Daha sonra düşünce ile ilgili aşağıdaki başlıklar altında konuşmasını sürdüreceğini belirten Kürün şu değerlendirmelerde bulundu:
- Düşüncenin Okullaşması: Düşüncelerimiz entelektüel bir derinliğe ulaşmalıdır. Rasulullah döneminde Darul Erkam modeli düşüncenin okullaşmasına bir örnek olarak verilebilir. İnsanlara okuma ibadetinin önemini anlatmadan sadece sohbetlerle bir yere varamayız. Kur’an yeni nesil tarafından okunmuyor. Evlerimiz düşüncelerimizin derinleşeceği mekanlar olmak zorunda. Kur’an’da geçen “rasihun” kelimesi ilimde derinleşmek anlamına geldiği gibi, ilimde durması gereken yeri bilenler anlamındadır aynı zamanda.

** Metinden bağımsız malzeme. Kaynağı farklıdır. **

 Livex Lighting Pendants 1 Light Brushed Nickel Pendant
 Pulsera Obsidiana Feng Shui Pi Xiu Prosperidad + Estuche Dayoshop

- Düşüncenin Tekelleşmesi: Haham ve rahiplerini rabler edindiklerini söyleyen ayete karşı Adiy bin Hatem’in tepkisine Rasulullahın verdiği cevap önemli. Bizler hiçbir zaman haham ve rahiplerini rabler edinenlerin konumuna sürüklenemeyiz. Bugün din hocanın ağzında gibi algılanıyor. Bugün ilahiyat hocası olmak çok kolay. Çünkü söylediği hiçbir şey sorgulanmıyor. Halbuki Hz. Ömer’e karşı “seni kılıçlarımızla düzeltiriz” şeklinde dile getirilen eleştirel tavra ihtiyacımız var. Söylediklerimiz konusunda güçlü mesnetlerimiz, delillerimiz olmalı. Her birimiz her şeyin bir şeyini, bir şeyin her şeyini bilmek zorundayız. Mezhepçi ve taklitçi yaklaşımlar düşüncenin tekelleşmesine yol açtı. Kendi kaynaklarımızda İslam düşmanları tarafından kullanılan hiçbir şekilde savunulamayacak görüşler var. İçimizdeki yanlışları tashih etme cehdi içinde olmalıyız. Büyük küçük demeden tüm hurafe ve bidatleri ayıklamak zorundayız.

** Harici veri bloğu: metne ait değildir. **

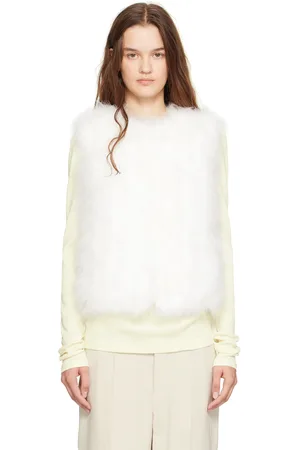 YVES SALOMON White Feather Vest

- Düşüncenin Düşüncesizleşmesi: Beşer beşeri görüşlerle ıslah edilemez. Beşer referansını Allah’tan alınca beşeri ıslah edebilir. İnsanı kutsamak yanlıştır. Maide suresinde “Allah’a yaklaşmak için vesileler arayın” denilmekte arkasından da “cihad edin” denilmektedir. Yani Allah’a yaklaşmaya vesile olan bir cehd içerisinde olmamız istenmektedir. Ancak düşünce düşüncesizleşince bu ayet Allah’a yaklaşmak için birilerinin vesile olması gerekir gibi yanlış anlayışlara delil olarak kullanılabilmektedir. Müslümanlar olarak davet edildiğimiz yere basiret üzere gitmeli ve edindiğimiz doğruları basiret üzere diğer insanlara taşımalıyız. Ebu Hanife talebelerinden görüşlerinin medlulüne gidilmesini ister. Eğer görüşlerinde bir yanlışlık tespit edilirse terk edilmesini ve doğru olan görüşe uyulmasını ister. Görüşlerinin düşüncesizce benimsenmesini istemez.

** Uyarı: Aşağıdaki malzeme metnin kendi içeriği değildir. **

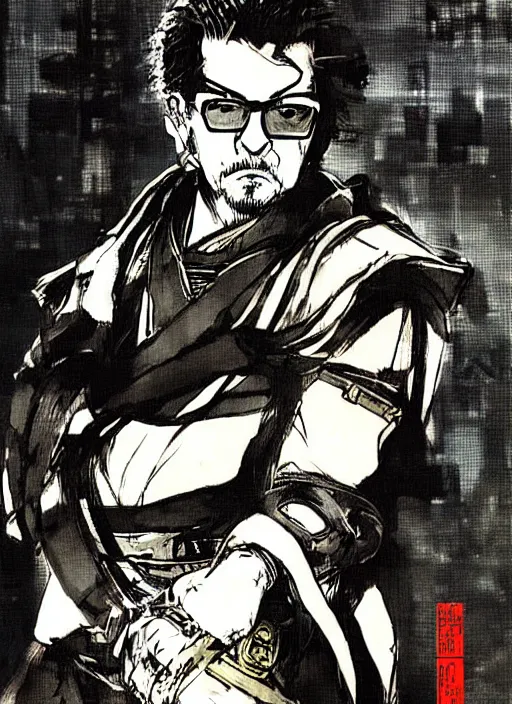 Image similar to salvador allende as a samurai by yoji shinkawa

- Düşüncelerin Vesilelerinin Daraltılmaması ve Standartlaştırılmaması: Sadece tek kaynaktan beslenmemeliyiz. Çok yönlü bir okuma ve araştırma faaliyeti içerisinde olmalıyız. Eğitimde çağın gereklerini dikkate almalıyız. Eski usuller ile bugünü şekillendiremeyiz. Değişmeyen, eskimeyen, evrensel vahyi hakikatleri yepyeni usullerle anlatmalıyız. Her bir insan özeldir. Ulus devletlerde olduğu gibi herkese aynı düşünceyi dayatmak, aynı formayı giydirmeye çalışmak büyük bir yanlıştır. Gençlerin dilini yakalayabilmeliyiz. İdeallerimizi ve tecrübelerimizi gençlerimize aktarmalıyız. Çocuklarımızı kendi yaşadığımız döneme göre değil, kendi yaşadıkları döneme göre yetiştirmeliyiz.
- Düşüncenin Eleştirilmesi: Bir peygamber kendisinin Allah’la beraber kutsanmasını kabul etmez iken hocalarımızın, üstatlarımızın yersiz gururları olmamalı. Düşüncelerimizi din olarak değil kendi anlayışımız olarak aktarmalıyız. Düşüncelerimizle ilgili eleştirileri olgunlukla karşılamalıyız.
Kürün konuşmasının sonrasında dinleyicilerden gerek kitabın içeriği ile ilgili, gerekse konuşmasında dile getirdiği hususlarla ilgili gelen soruları cevaplandırdı ve program sona erdi.